My first run of the day.

The Buildup

It's been 4 to 5 weeks since we started seeing the first signs of the impending winter at higher elevations, mere dustings of sleet and snow left behind by passing afternoon thunderstorms. The "monsoon" winds of late August and September bring moisture originating in the Sea of Cortez to the northwest over the desert and into the higher terrain of Colorado. The atmosphere cools as the length of solar daytime heating diminishes toward the solstice, and the snow level begins to drop.

The first accumulating snows are typically not the right type of snow to make early-season turns on. These first events tend to be unaccompanied by any wind. These storms blanket the mountains in a beautiful layer of white that gives skiers a warm, fuzzy feeling inside, but doesn't offer much support support to a pair of skis. As September rolls on, the polar jet stream begins to push small bits of energy southward along the Rockies. Just a few inches with some moderate winds can drift this snow into piles that line the ridges and fill the gullies.
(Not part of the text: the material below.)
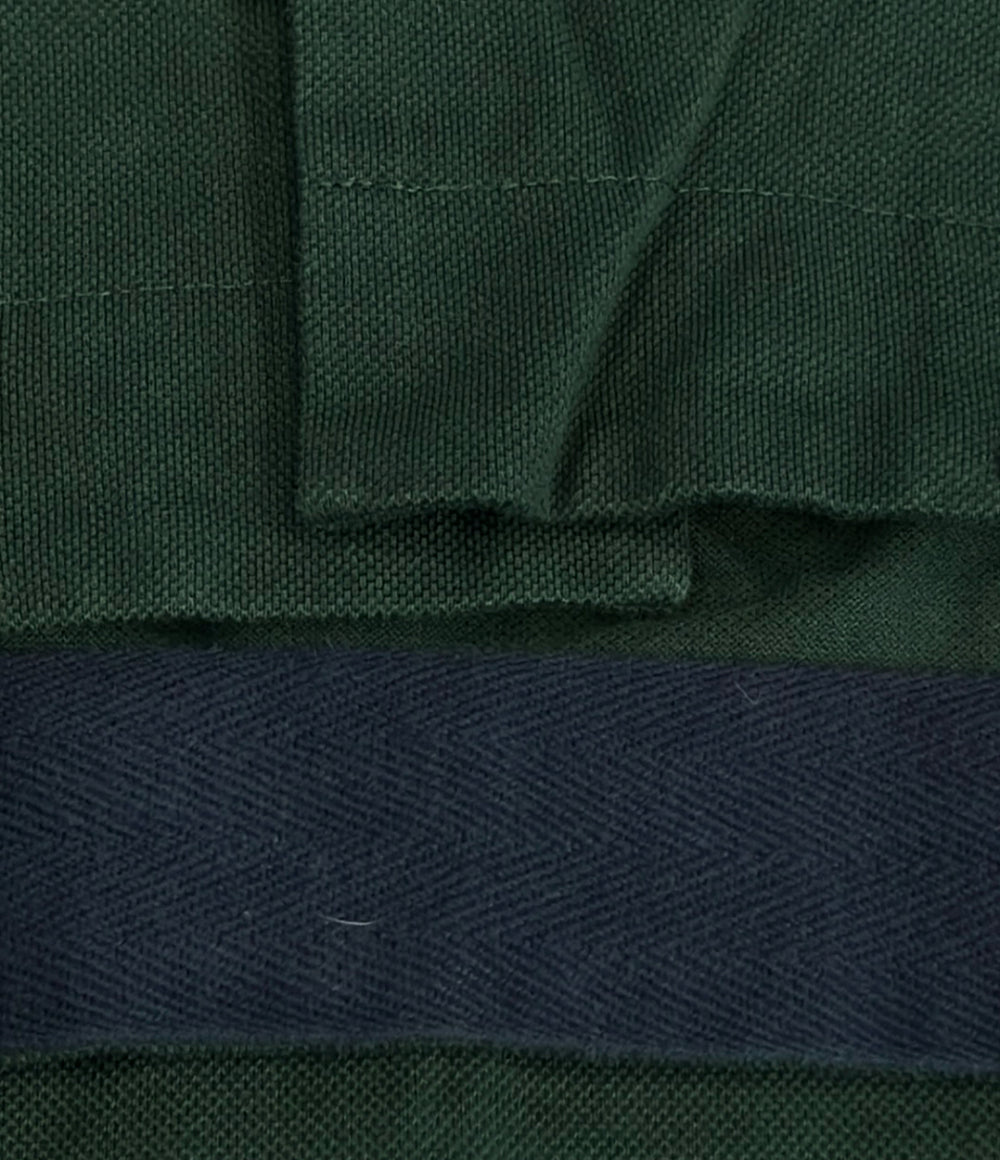 Sacai 半袖シャツ 22-02737M メンズ SIZE 1 サカイ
My first day of the 2014/15 season and my 157th month in a row on September 30th

My first day of the 2014/15 season and my 157th month in a row on September 30th

The utmost care must be taken when skiing this time of year. The snow is incredibly thin and the surface is usually crusty, thick, and grabby. It's skiing nonetheless. These early days build character, and if you respect the gravity of the consequences surrounding you, and ski accordingly,  they can be overwhelmingly fun. The feeling you get clicking into your skis and sliding down a cold drift of snow after a long summer of sweaty, dirty work is nearly unmatched.

The ridgeline between Fletcher and Clinton Peaks outside Leadville during my evening commute from work.

The ridgeline between Fletcher and Clinton Peaks outside Leadville during my evening commute from work.

The storms that come in October tend to be colder. The sun-baked snow surface freezes solid and fluffy snow drifts on top of it. This crusty layer can offer support and protection from the sharp rocks below. The first faceshots of the season are produced by a quick slash of the skis. The first taste of winter has been savored.


October 12, 2014: Cold dry powder in October is not unusual at 13000'

October 12, 2014: Cold dry powder in October is not unusual at 13000'

Late-September snows blanket Silverthorne Mountain under the harvest moon.

Late-September snows blanket Silverthorne Mountain under the harvest moon.

Eventually, the snow stops falling and the dry October days and cold, crisp nights take over and promise to turn this first coating of snow to an unsupportive base layer that will inevitably come back to haunt us. All we can do now is enjoy the anticipation of what's to come and hope for the best.